The Department of Biotechnology (DBT) has sanctioned the project, ‘Cataloguing the Genetic Variation in Indians’ for a period of 3 years to 20 institutions from varied disciplines across the country
By: HBI Desk
The human genome project was first launched in the 1990s with the aim of sequencing the entire human genome. A genome is the entire genetic material of an organism. It contains all the information needed to build and maintain that organism.
By sequencing the genome, researchers can discover the functions of genes and identify which of them are critical for life. The entire sequence published so far has revealed that there are about 20,500 human genes. This sequencing has found its application in many fields including molecular medicine and human evolution. Various new treatment options can be explored by sequencing the genome of viruses. Targeted therapy can be adapted for cancer treatment by identifying mutations related to different types of cancer.
Several countries have embarked on mapping the genetic mark up of their own population to better understand disease profiles. These countries include: USA, UK, China, Japan, Australia, France, Dubai, Netherlands, Finland, Germany, Turkey, Estonia, Singapore and Saudi Arabia. Indians have also participated as a community in the genome initiatives of these countries. The UK undertook the sequencing of 100,000 whole genomes of patients suffering from cancer and rare diseases and later the project was extended to 1 million.
The Department of Biotechnology (DBT) has sanctioned the project, ‘Cataloguing the Genetic Variation in Indians’ for a period of 3 years to 20 institutions from varied disciplines across the country. Under Genome India, the whole genome sequencing has just started and will help researchers get closer to developing effective therapies for treating diseases such as cancer.
In the first phase of the initiative, the genomic data of 10,000 Indians will be catalogued. The information generated can facilitate future human genetics research with greater precision, and to design a genome-wide association array for the Indian population to develop precision healthcare and diagnostics for major diseases at affordable costs.
This is going to be transformational for healthcare because these days disease management is all about data. For new advancements in medical science like predictive diagnosis and precision medicine, genomic information is key and the backbone. The DBT will build on its own experience of genomic cataloguing and rope in 22 partner organisations including public health institutions that have obtained regulatory ethical clearances.

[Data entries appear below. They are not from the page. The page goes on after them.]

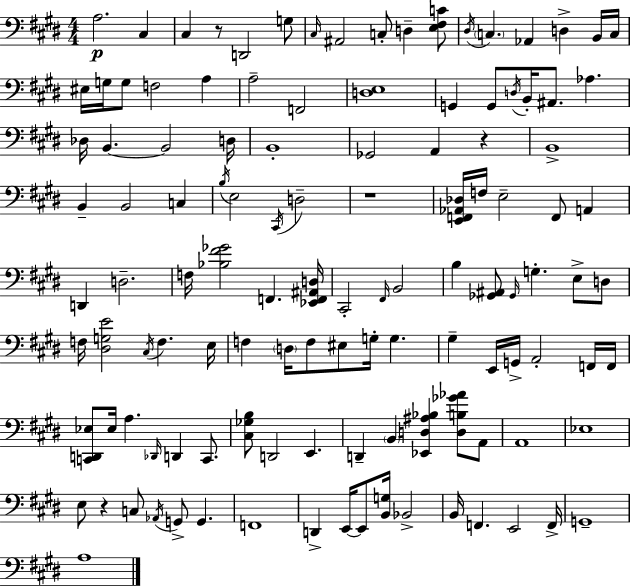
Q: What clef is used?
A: bass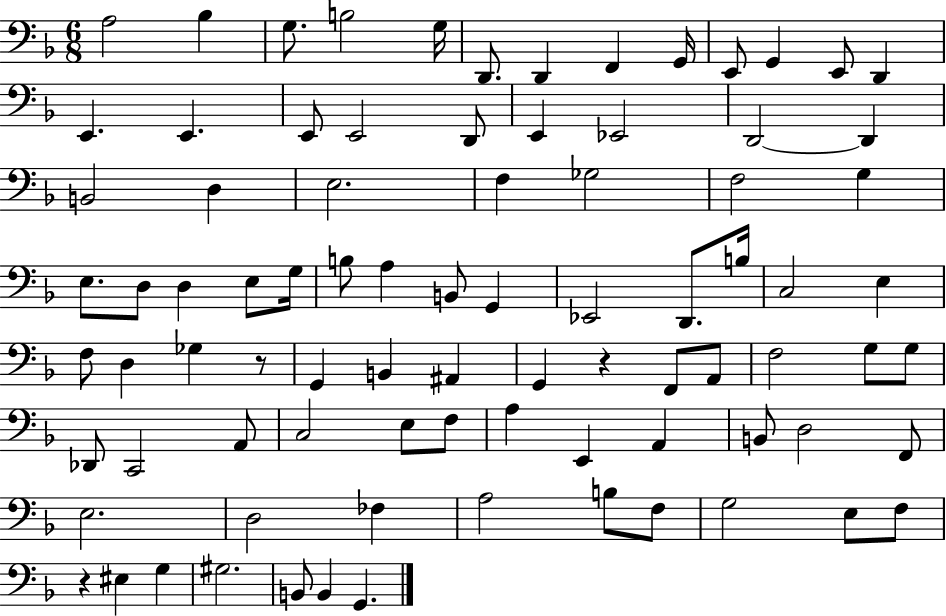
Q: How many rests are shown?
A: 3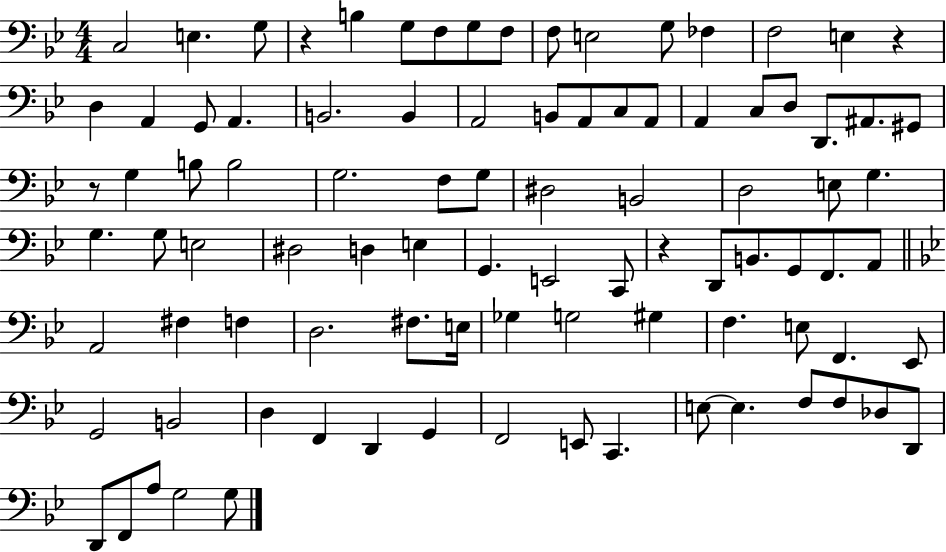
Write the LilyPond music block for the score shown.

{
  \clef bass
  \numericTimeSignature
  \time 4/4
  \key bes \major
  c2 e4. g8 | r4 b4 g8 f8 g8 f8 | f8 e2 g8 fes4 | f2 e4 r4 | \break d4 a,4 g,8 a,4. | b,2. b,4 | a,2 b,8 a,8 c8 a,8 | a,4 c8 d8 d,8. ais,8. gis,8 | \break r8 g4 b8 b2 | g2. f8 g8 | dis2 b,2 | d2 e8 g4. | \break g4. g8 e2 | dis2 d4 e4 | g,4. e,2 c,8 | r4 d,8 b,8. g,8 f,8. a,8 | \break \bar "||" \break \key bes \major a,2 fis4 f4 | d2. fis8. e16 | ges4 g2 gis4 | f4. e8 f,4. ees,8 | \break g,2 b,2 | d4 f,4 d,4 g,4 | f,2 e,8 c,4. | e8~~ e4. f8 f8 des8 d,8 | \break d,8 f,8 a8 g2 g8 | \bar "|."
}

Across the world, predictive diagnosis and precision medicine based on the genetic makeup of patients are emerging fields in the treatment of diseases such as cancer and other genetic disorders.
The DBT has worked in full swing with establishing diagnostic labs for genetic testing and counselling services and a programme to train clinicians to produce skilled personnel to set up more such labs. In addition, an outreach programme to provide genetic diagnosis and counselling to families affected by common genetic disorders in certain districts has been initiated.
However, there are concerns over the use of genetic data. According to a report, there are clear limits for how far the genomic data and the information derived from it should be used. While genetic engineering, use of genomic data to differentiate groups within society, and predictive insurance tests and targeted marketing are some of the red lines raised, a robust governance framework and consent process in place that makes clear the intended use of data collected are the assurances that the participants were seeking.
The rules and regulations formulated by the Government of India will govern the data security and sharing measures for this project. The personal information of all individuals willing to participate in the study is stripped off from any further records in this project. This process of de-identification ensures that the personal information of the participants is not compromised. In addition, data security and protection is maintained by adhering to strict ethical measures.
The human genome mapping project
is the first time that such a large sample of Indians will be recruited for a
detailed study and sought to include representatives from every State and
divers ethnicities. The mapping and understanding of the human genome has tremendous
applications in understanding not only the genetic origins of the different
ethnic groups but would lead to an increased understanding of the genetic
disease burden which would help in the development of personalised medicine.